Rangers Ballpark in Arlington plays closer to Milwaukee than Detroit. It’s warmer, on average, and the fences are closer in those critical spots where Fielder lost many bombs over the past two seasons. I do think he’ll see some rebound in his power, which should help straighten out some of his other offensive issues.

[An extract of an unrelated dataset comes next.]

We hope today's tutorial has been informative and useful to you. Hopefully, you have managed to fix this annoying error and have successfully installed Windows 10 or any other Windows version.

On the other hand, there’s a physical, mechanical reason for Fielder’s fading pop, one that no ballpark switch can solve. He’s under six feet tall, and his swing is an uppercut that carries the bat through the hitting zone pretty level, really. This came up during a prolonged Fielder slump, during one of his last two seasons in Milwaukee. I remember a former player—it may have been Aaron Boone or Nomar Garciaparra, or neither—talking about Fielder’s issues, and comparing him with then-teammate Ryan Braun. The analyst pointed out, and demonstrated with video, that when Fielder chased pitches (especially fastballs) up in the zone, or out of it, the ball often got above his hands at the point of contact. When that happens, the ball goes straight up. That feeds Fielder’s pop-up problem. Being short, though, and given his swing mechanics, it’s a tough thing to fix, especially as Fielder’s bat slows down with age. You can see, although I don’t want to put too much specific trust in the numbers, that his bat is slowing down, from the way his directional distribution has drifted around toward left field over the last few years.

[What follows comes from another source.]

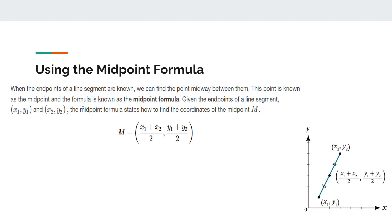The last topic is the midpoint formula. When the endpoints of a line segment are known, we can find the point midway between them — the midpoint. Given endpoints (x₁, y₁) and (x₂, y₂), the midpoint M is found by averaging the coordinates: M = ((x₁ + x₂)/2, (y₁ + y₂)/2).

Going forward, then, maybe the most important thing for Fielder to be able to do is to take more pitches, especially those up in the zone. His strikeout and walk rates each degraded in 2013, not alarmingly, but noticeably. He needs to turn that around, because while he has very good power, he’s not off the charts in terms of homers per fly ball. Good plate discipline will be his ticket to retaining his offensive value into his mid-30s.Next post: The Prince Fielder for Ian Kinsler Trade: What Are the Detroit Tigers Getting in Kinsler?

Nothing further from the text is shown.